* [Your task]:
Among the entries below, copy only the span from the line containing "At the Earth-bound" through the line containing "2. Cucumber Apple". Do so exactly, and skip the pictures.

* [Source material]:
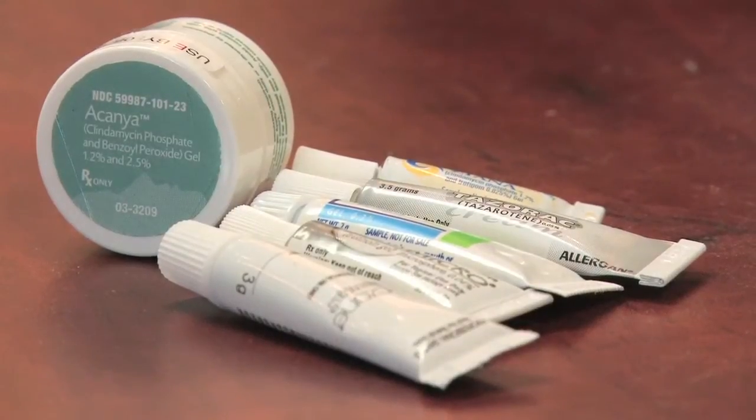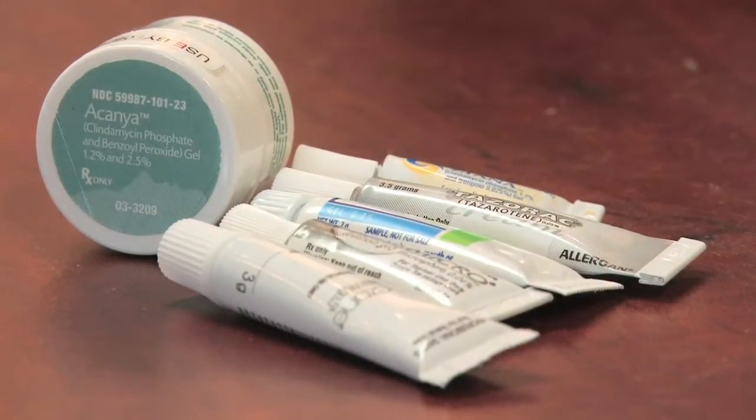An acne cyst, a nodule — usually what's seen is a red, swollen bump on the skin. There are many ways that we use to treat inflammatory acne. The first method we use is with creams or pills your dermatologist might prescribe.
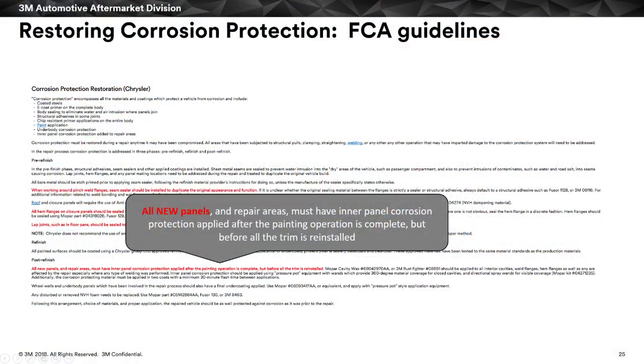Some more interesting stuff from the OEM guidelines — if you haven't looked, you wouldn't know. You don't know what you don't know. In this case: all new panels and repair areas must have inter-panel corrosion protection cavity wax applied after the painting operation is complete but before trim is installed.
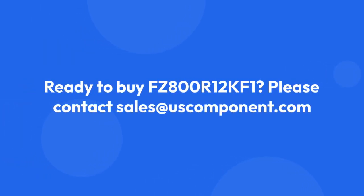Ready to buy the FZ800R12KF1? Please contact sales at USComponent.com.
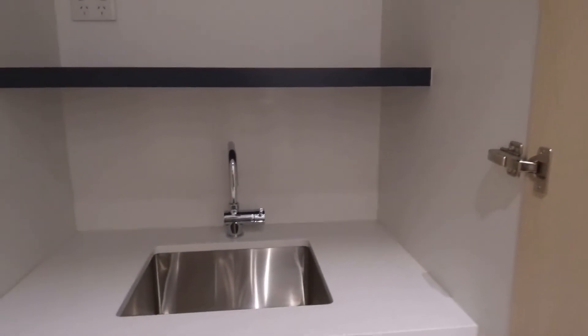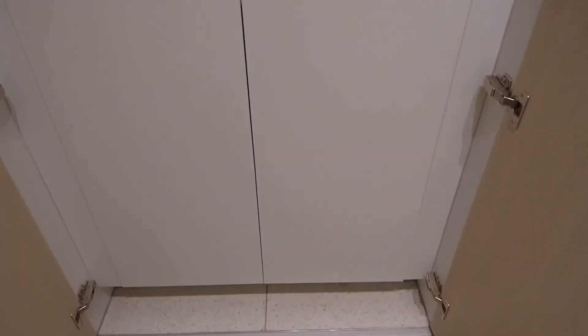Huge laundry space with plenty of storage, cupboards and shelves. And this is where you place your washer and dryer.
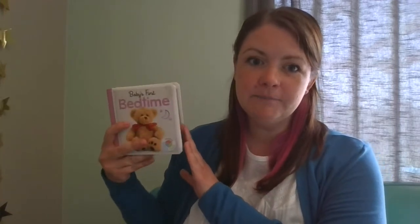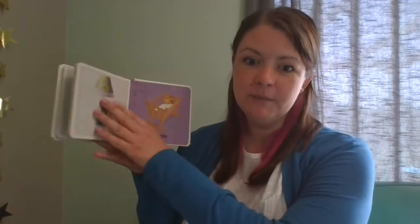My first book is a very basic one. It's called Baby's First Bedtime and it is a Hinkler Building Blocks book. Each page has a simple picture and just one word describing the picture.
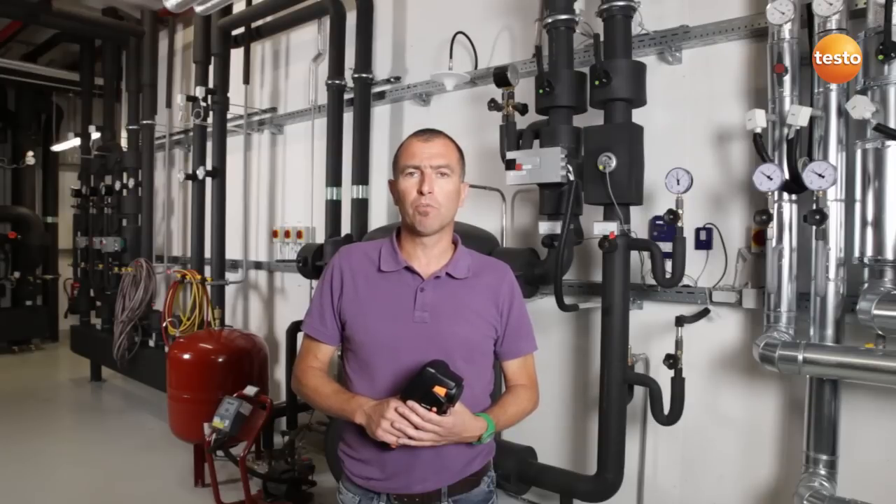Hello, my name is Frank Hug and I'm a facility manager at Testo AG. Today I'd like to show you how I use the thermal imager Testo 870 to check important plants at our company headquarters.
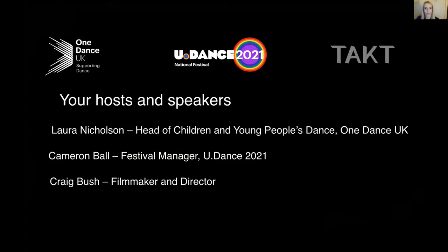Welcome to this upskilling webinar on filming dance for stage. This webinar is presented by One Dance UK, which is the sector support organisation for dance, and we're also the organisers of the Udance National Festival 2021. Your session today will be moderated by myself, Laura Nicholson, Head of Children and Young People's Dance at One Dance UK, and also my colleague Cameron Ball, who is the Udance Festival manager. Our session is also being wonderfully supported by Katie Stevens, One Dance UK's office manager, who's making sure all the technical aspects run smoothly.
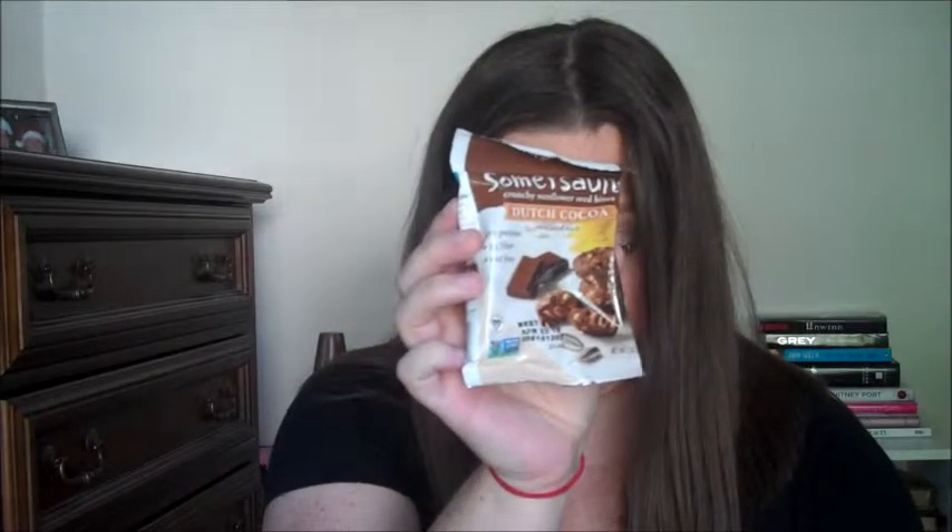These are the Summer Salt's Crunchy Sunflower Seed Bites in Dutch Cocoa. Think sunflower seeds are a boring game time snack? Just one addictingly crunchy bite will make you forget everything you thought you knew. These are vegan and non-GMO. They look like little cookies with sunflower seeds in them, so that'll be really good.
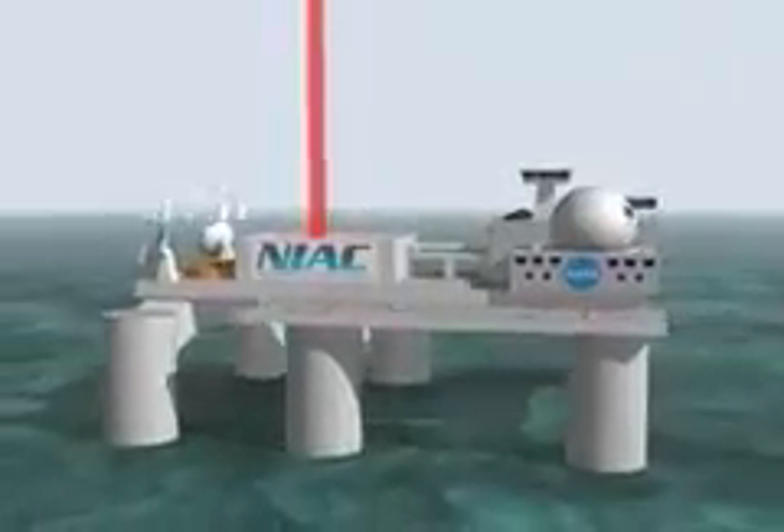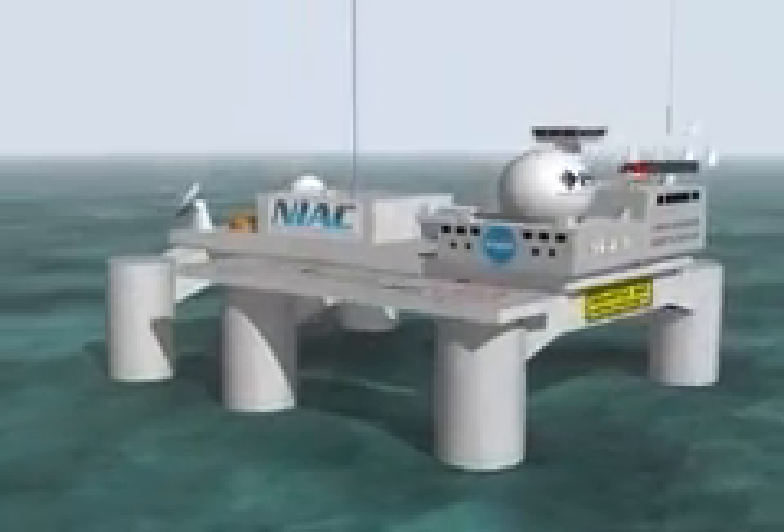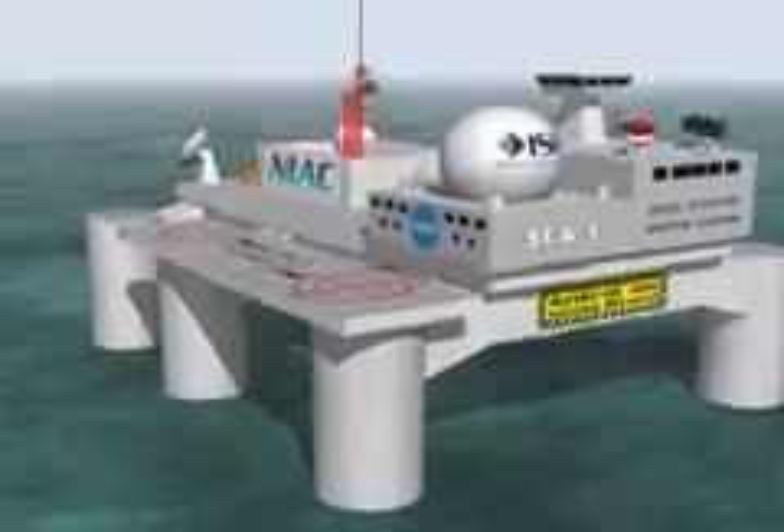At the Earth-bound end, the ribbon would be anchored by a platform or ship off of South America's Pacific coast, in a zone free of lightning, high winds, and air traffic.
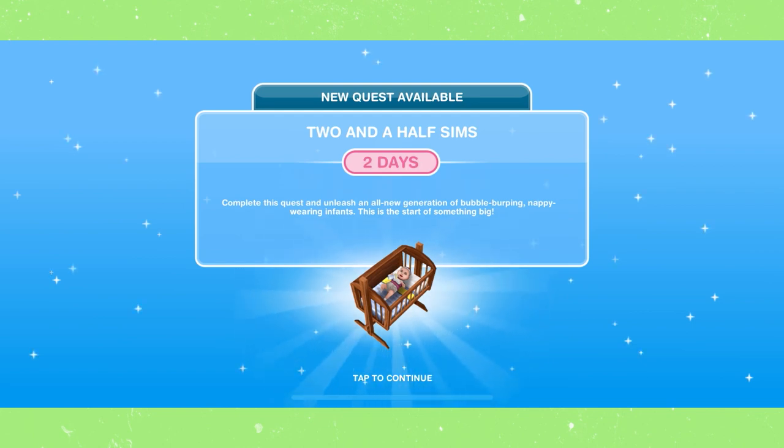Once you complete the Love is in the Air quest, the Two and a Half Sims quest will be available, and that quest will unlock the ability for you to add babies to your town. That will be next episode, so make sure you keep an eye out for that.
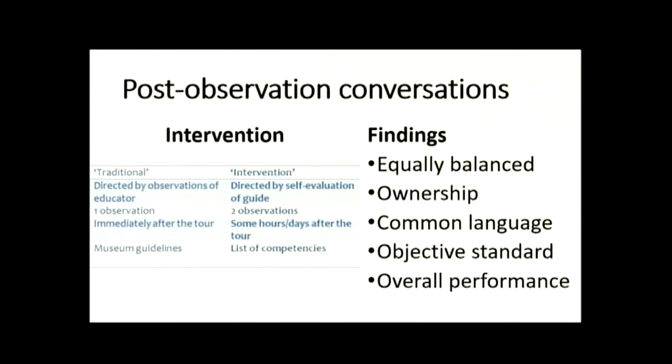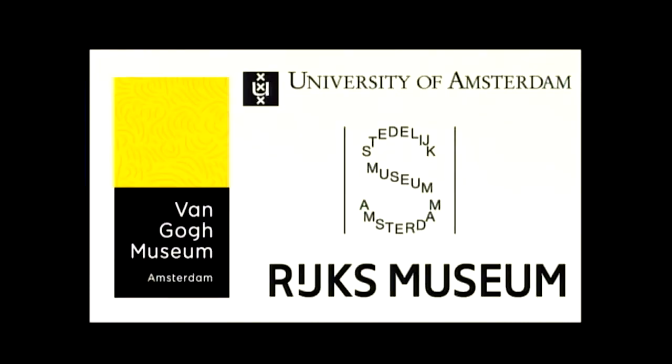Normally the observations in the museum by an educator are a one-time observation. In our case, we asked them to observe two tours and to use the self-evaluation, which gave them a bigger impression of the overall performance. You can imagine that if you are being observed you are a bit anxious, and if you do something wrong, maybe normally you don't do that wrong. So if you have more opportunities to show what you can do, someone gets a more overall view of your performance.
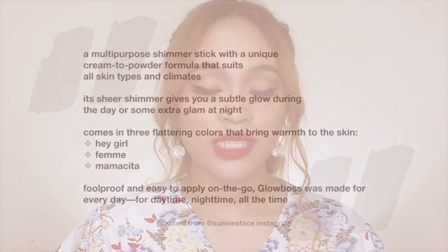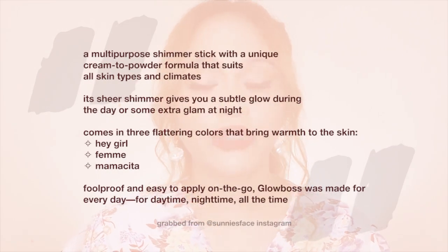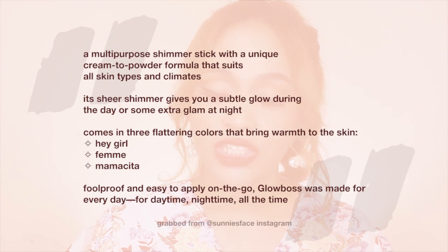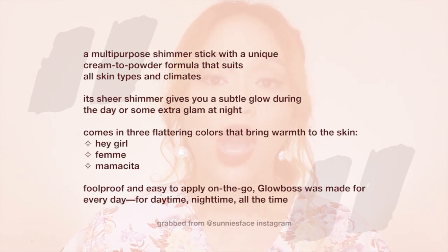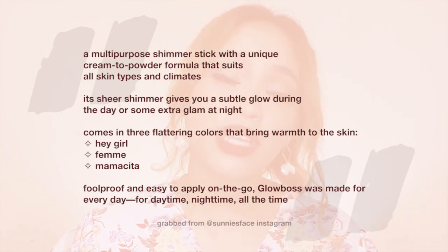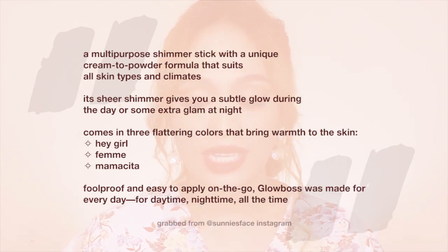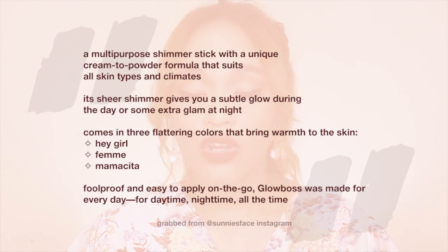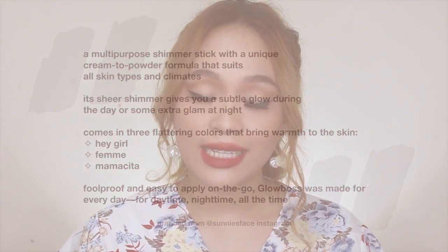For the basic product details, the Glow Boss is a multi-purpose shimmer stick with a unique cream-to-powder formula that suits all skin types and climates. Its sheer shimmer gives you a subtle glow during the day or some extra glam at night. It comes in three flattering colors: Hey Girl, Femme, and Mamacita. Foolproof and easy to apply on the go, the Glow Boss was made for everyday — daytime, nighttime, all the time. It retails for 445 pesos. You can also buy it as a set in the Glow Boss trio, which comes in this packaging with three different shades.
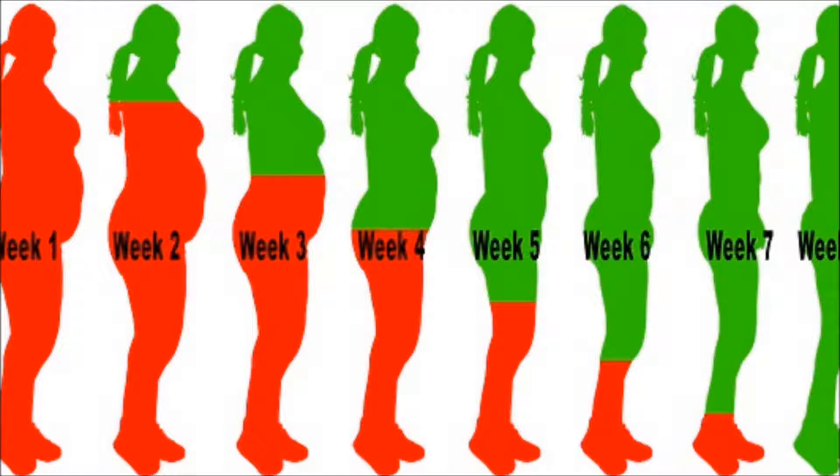2. Cucumber Apple Smoothie: half cup of hazelnuts, 10 mint leaves, 2 cucumbers, 2 apples, a pinch of ginger, 4 celery stalks, 2 glasses of water, 2 to 3 tablespoons of lime juice.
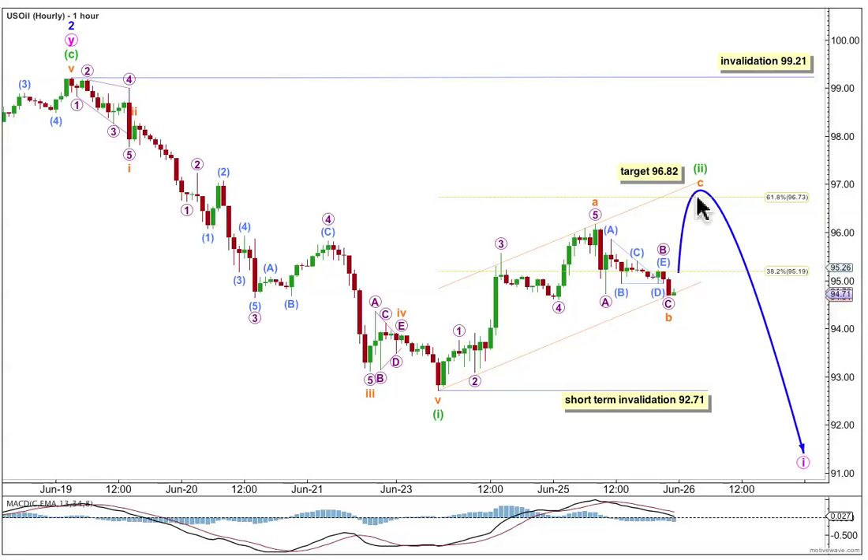While minuet wave 2 zigzag is incomplete, any further downwards movement for the B wave within it may not move beyond the start of the A wave for a zigzag, and short-term movement below 92.71 wouldn't validate this wave count. Minuet wave 2 may not move beyond the start of minuet wave 1 above 99.21. I'll expect the C wave to be over within most likely 24 hours, maybe a little bit longer, certainly within 48 hours, so this one shouldn't be as long-lasting as the A wave — it should be over in one or two days.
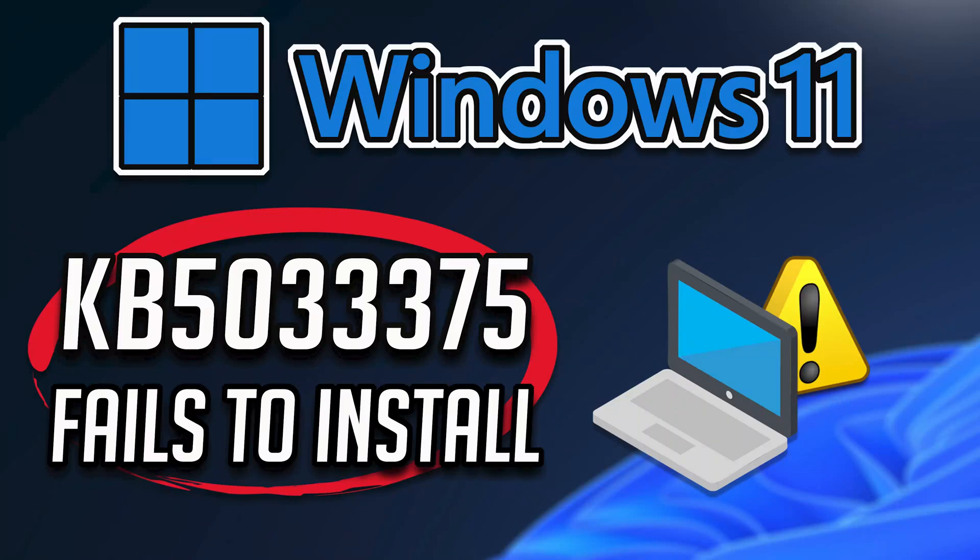Windows 11 Update KB5-033-375 fixes how fast Copilot in Windows opens from the taskbar. It also addresses an issue that affects the Copilot Windows icon on the taskbar — it does not show as active when Copilot in Windows is open. If you are unable to install this update that upgrades the Copilot Assistant, follow the steps of this video to learn how to fix Windows Update.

* [Finished exercise]:
At the Earth-bound end, the ribbon would be anchored by a platform or ship off of South America's Pacific coast, in a zone free of lightning, high winds, and air traffic.
Once you complete the Love is in the Air quest, the Two and a Half Sims quest will be available, and that quest will unlock the ability for you to add babies to your town. That will be next episode, so make sure you keep an eye out for that.
Normally the observations in the museum by an educator are a one-time observation. In our case, we asked them to observe two tours and to use the self-evaluation, which gave them a bigger impression of the overall performance. You can imagine that if you are being observed you are a bit anxious, and if you do something wrong, maybe normally you don't do that wrong. So if you have more opportunities to show what you can do, someone gets a more overall view of your performance.
For the basic product details, the Glow Boss is a multi-purpose shimmer stick with a unique cream-to-powder formula that suits all skin types and climates. Its sheer shimmer gives you a subtle glow during the day or some extra glam at night. It comes in three flattering colors: Hey Girl, Femme, and Mamacita. Foolproof and easy to apply on the go, the Glow Boss was made for everyday — daytime, nighttime, all the time. It retails for 445 pesos. You can also buy it as a set in the Glow Boss trio, which comes in this packaging with three different shades.
2. Cucumber Apple Smoothie: half cup of hazelnuts, 10 mint leaves, 2 cucumbers, 2 apples, a pinch of ginger, 4 celery stalks, 2 glasses of water, 2 to 3 tablespoons of lime juice.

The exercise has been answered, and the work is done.